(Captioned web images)
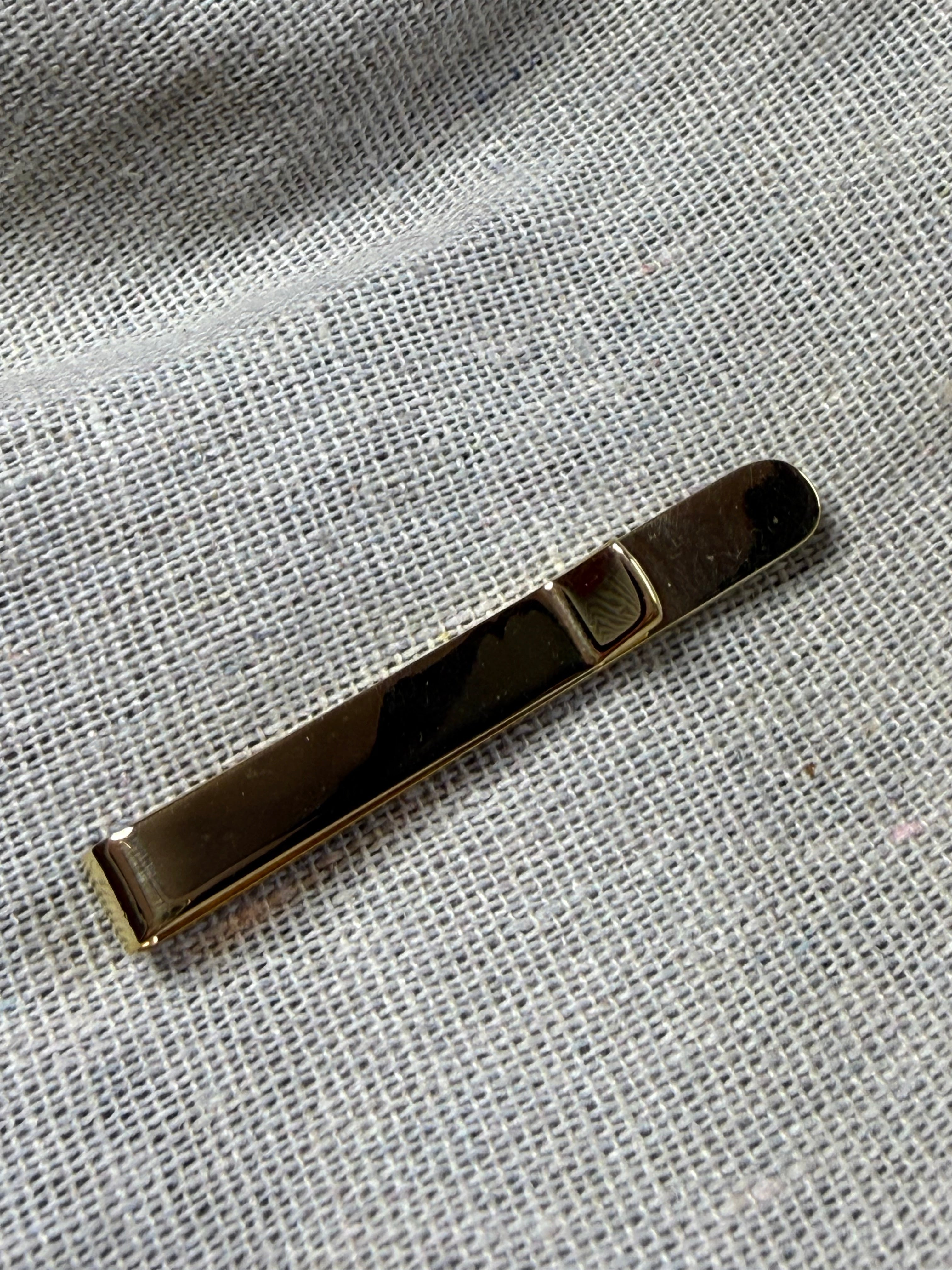 ✨ Pince à cravate avec boîte Christian Dior Vintage – Prestige & Élégance Couture ✨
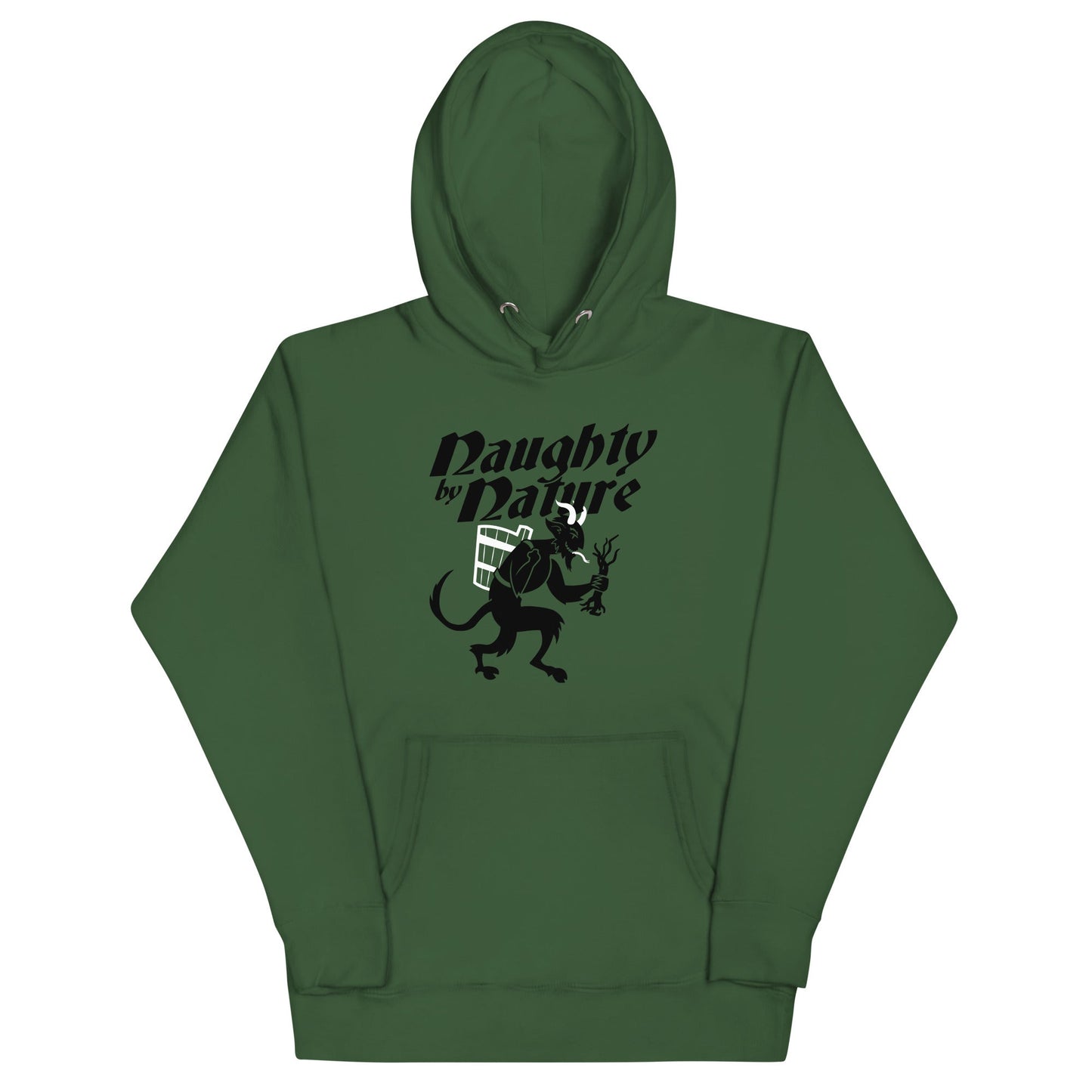 Naughty By Nature Unisex Hoodie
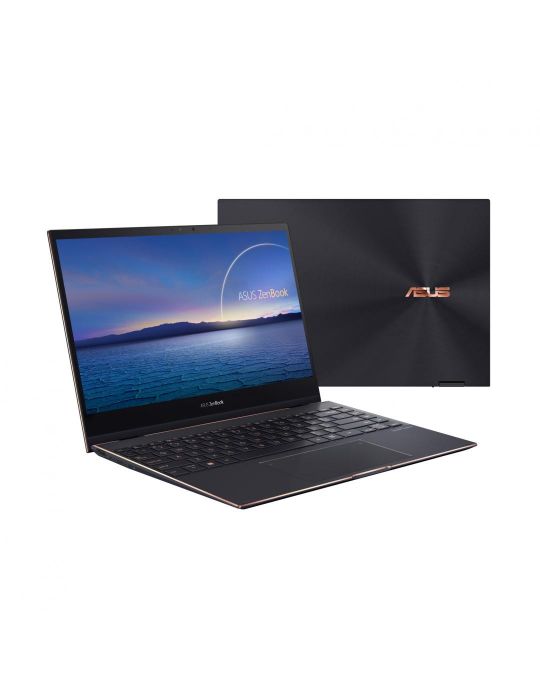 Laptop Ultrabook ASUS ZenBook s ux371ea-hl018r 13.3-inch touch screen 4k uhd Asus - 2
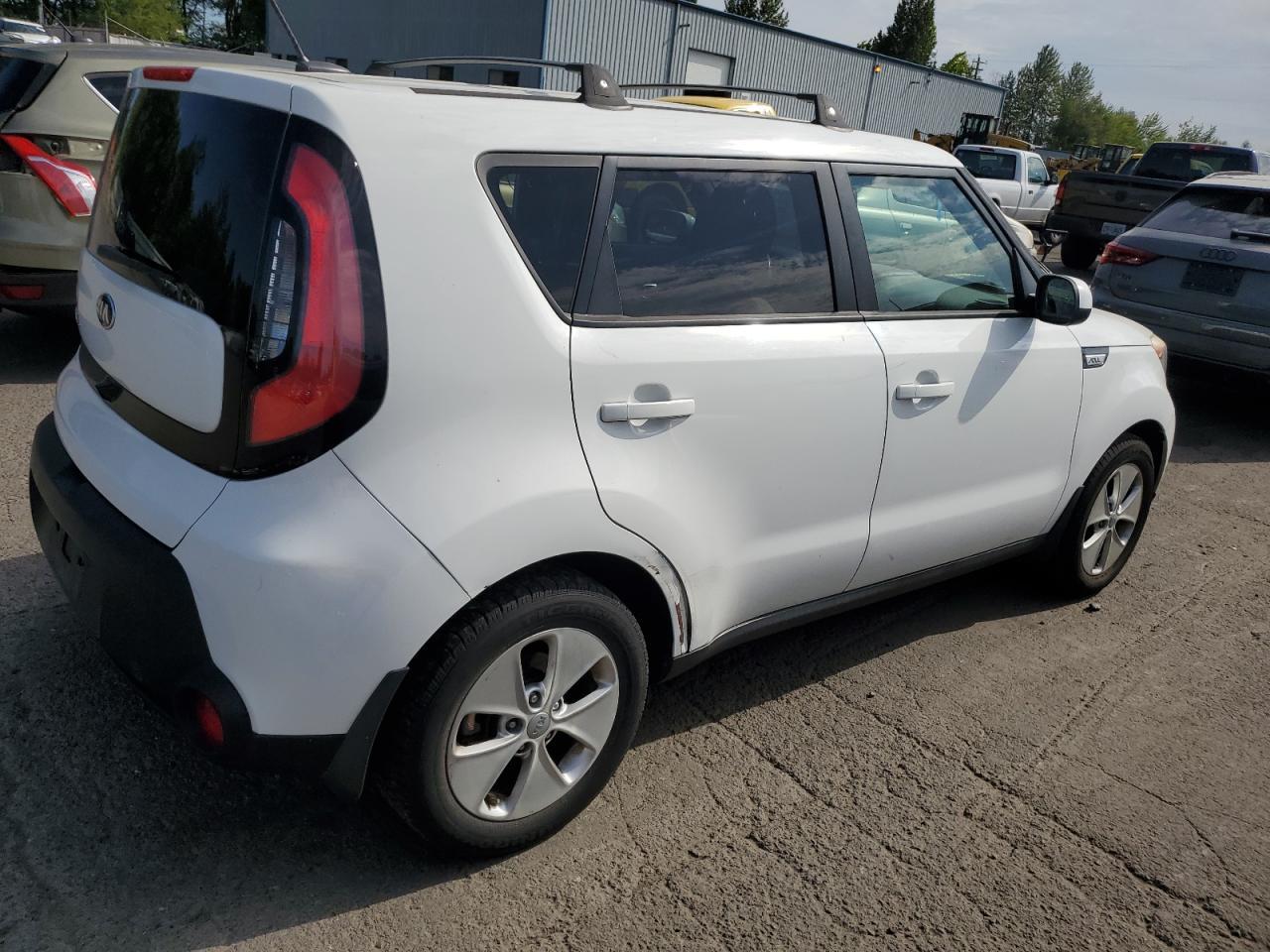 2015 KIA Soul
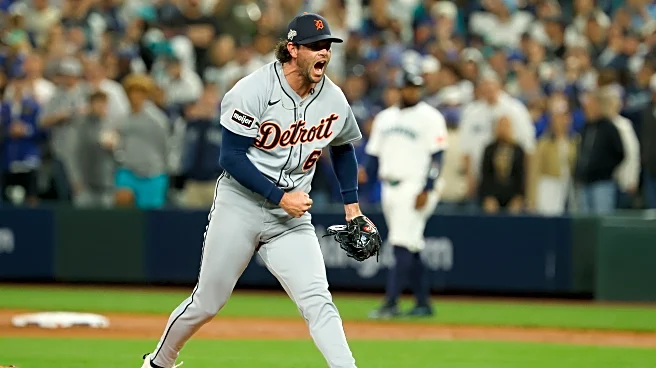 Kyle Finnegan would bring a high floor and closing ability to Baltimore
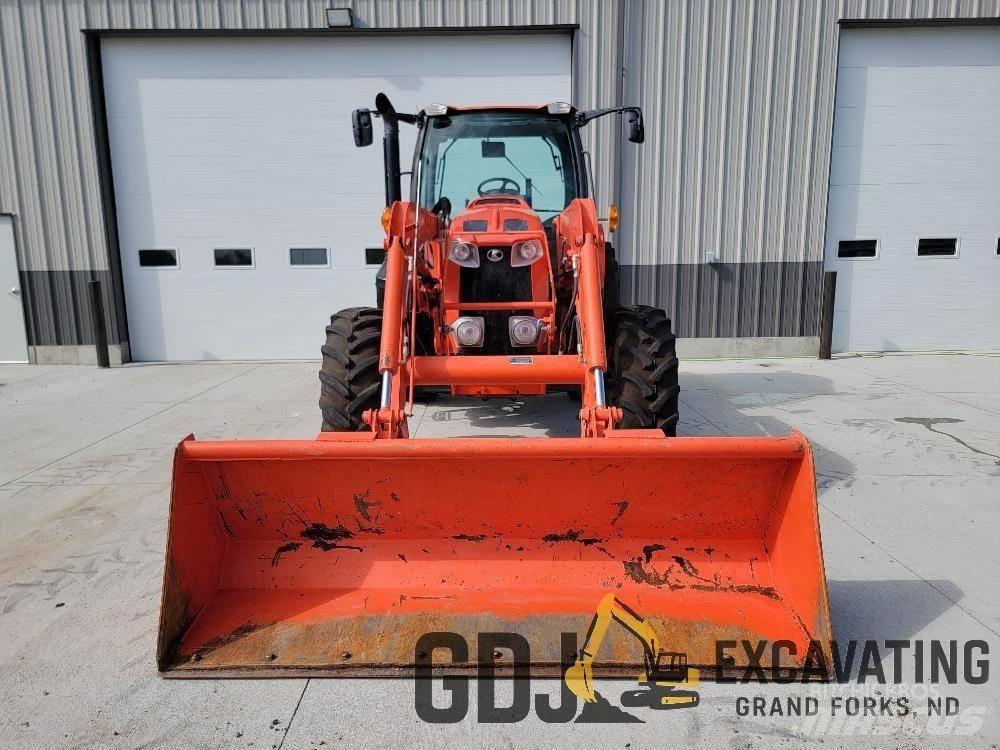Kubota M 6-131 曳引機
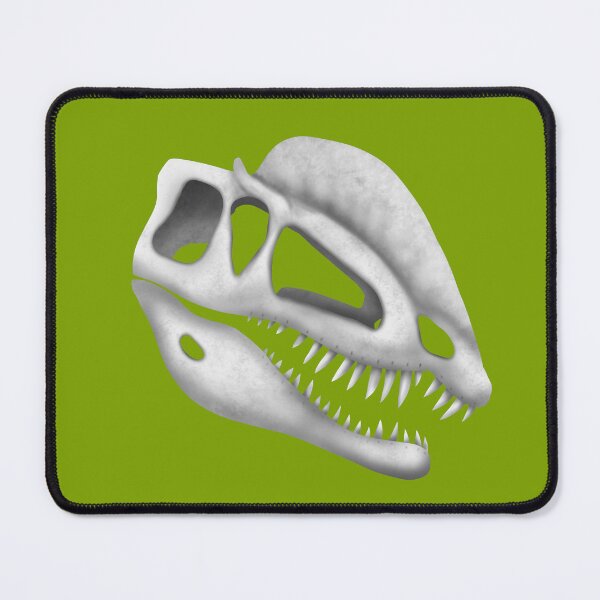 Item preview, Dilophosaurus Skull designed and sold by JAMiron Paleoart.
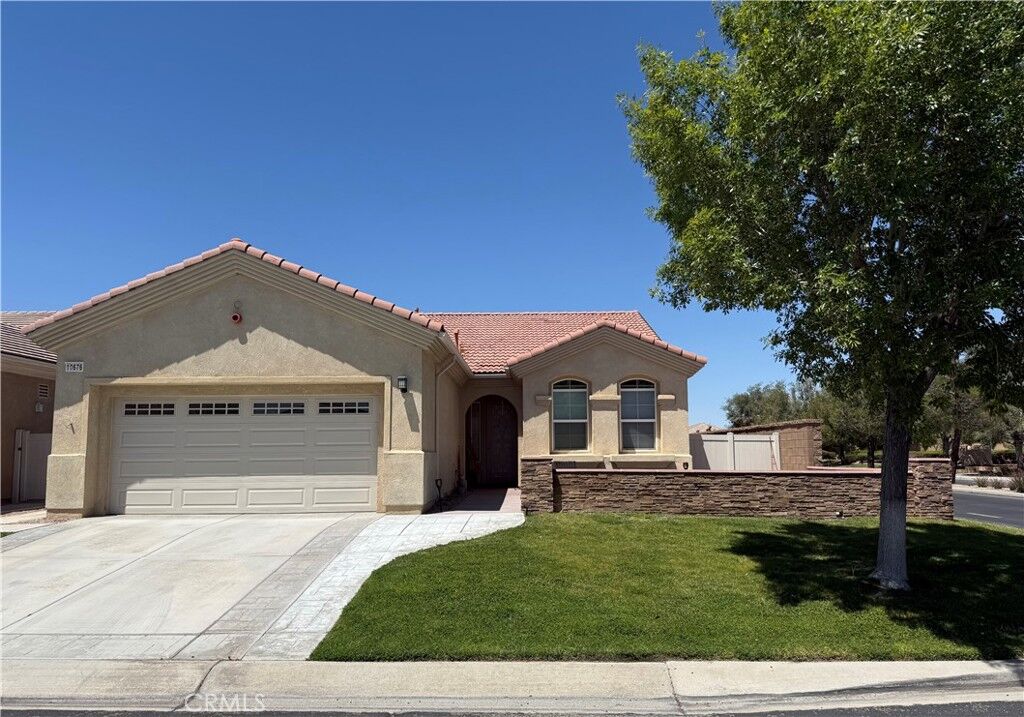 Property Photo:  10676 Lanigan  CA 92308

ASSIGNMENT:
Can the lines from the start of the records through the line with "Kyle Finnegan would" be given again exactly, with the pictures left out?

EXPECTED ANSWER:
 ✨ Pince à cravate avec boîte Christian Dior Vintage – Prestige & Élégance Couture ✨
 Naughty By Nature Unisex Hoodie
 Laptop Ultrabook ASUS ZenBook s ux371ea-hl018r 13.3-inch touch screen 4k uhd Asus - 2
 2015 KIA Soul
 Kyle Finnegan would bring a high floor and closing ability to Baltimore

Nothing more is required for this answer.